Esta atitude contrasta com a atitude dos crentes que consideram profundas vacuidades como «Jesus Cristo purifica e liberta das nossas carências humanas a busca do amor e da verdade e desvenda-nos, em plenitude, a iniciativa de amor e o projecto de vida verdadeira que Deus preparou para nós.» Ou que assumem ser verdade que «Sem Deus, o homem não sabe para onde ir e não consegue sequer compreender quem é.» Não porque tenham evidências desta purificação, projecto de vida ou necessidade daquele deus em particular para sabermos quem somos. Nem porque o suposto perito que o afirma tenha demonstrado saber o que diz. Aceitam isto, e levam-no a sério, apenas porque é uma encíclica do Papa (1).
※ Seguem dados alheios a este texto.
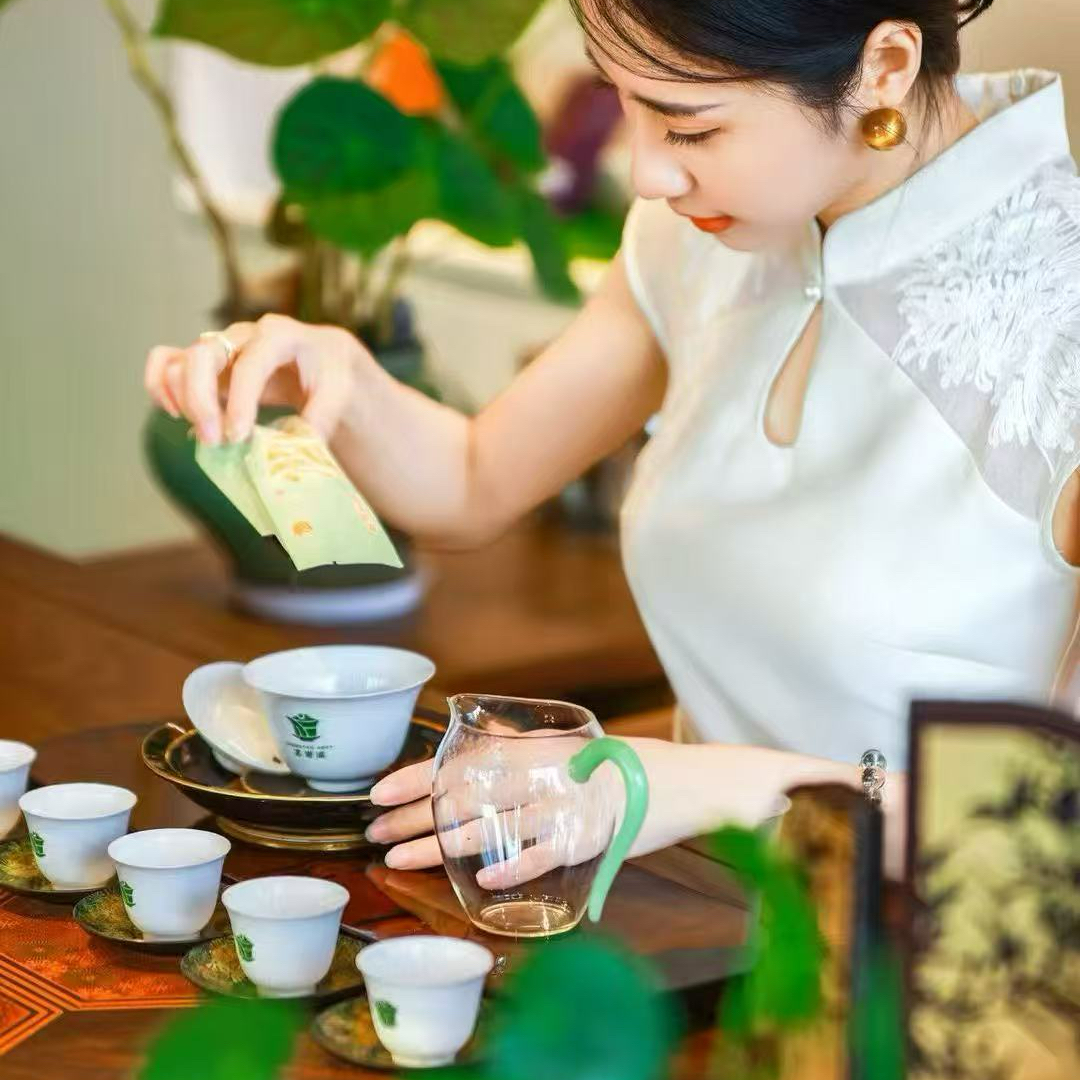 超薄骨瓷工夫茶泡茶套组（盖碗*1+品茗杯*6）超轻薄-不烫手-超好用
Este foi eleito perito infalível em matérias de facto por quem nem se preocupou em averiguar como é que ele pode saber estas coisas ou como se pode verificar se ele tem razão no que diz.

Isto vem a propósito dum post do Alfredo Dinis, onde ele afirma que os ateus «aceitam incondicionalmente o que dizem» pessoas como Dawkins e Harris, que «os ateus têm pouco espírito crítico, ou mesmo nenhum»(2), e sugere que os crentes é que têm uma atitude crítica. Pois eu sugiro que nenhum ateu será acrítico por causa do seu ateísmo. Se o for, será por outras razões. E o crente só poderá criticar os dogmas fundamentais da sua religião se conseguir ser mais crítico que crente. Porque a religião depende sempre do magister dixit. Em contraste, o ateísmo é fruto quase inevitável do nullius in verba.